6. “New World Order”
The opening episode of The Falcon and the Winter Soldier did a great job of reintroducing us to Sam Wilson and Bucky Barnes. Our first chance to catch up with them since Avengers: Endgame, it gave audiences a glimpse of some of the emotional trials they had been through and were still currently facing.
It also opened with an epic fight scene (or should that be “flight” scene) that saw Falcon remind us all what he can do by taking the fight to Batroc in the skies.
“New World Order” was a real thought-provoker; a character study on the pair that fans loved so much and yet knew so little about outside of their costumes. The only real drawback was the fact that its inherently slow pacing didn’t really gel with the 40-minute network TV episode length, making it feel like the premiere got cut short just as the story was getting going. And it didn’t help matters that Sam and Bucky never interacted at all.
5. “The Star-Spangled Man”
Just as the premiere was undercut a little by the fact that Sam and Bucky never crossed paths, “The Star-Spangled Man” suffered because of how nonchalant and sudden their reunion in the first act was – and how quickly it accelerates into that fight.
That right there, however, presented the sophomore offering with arguably its best scene as that showdown atop the trucks between Sam, Bucky, John Walker, Lemar Hoskins and the Flag-Smashers was an absolutely thrilling watch.

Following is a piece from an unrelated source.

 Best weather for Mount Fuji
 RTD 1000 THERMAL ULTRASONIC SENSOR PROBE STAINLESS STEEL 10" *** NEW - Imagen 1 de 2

Speaking of Walker, the episode does a great job of setting up the new Captain America as a character with something to prove and fight for and it also does a great deal in getting into Bucky’s psyche and why he’s so angry with Sam for surrendering the shield. And we can’t talk about the interactions of the episode without praising the chemistry between Sebastian Stan and Anthony Mackie.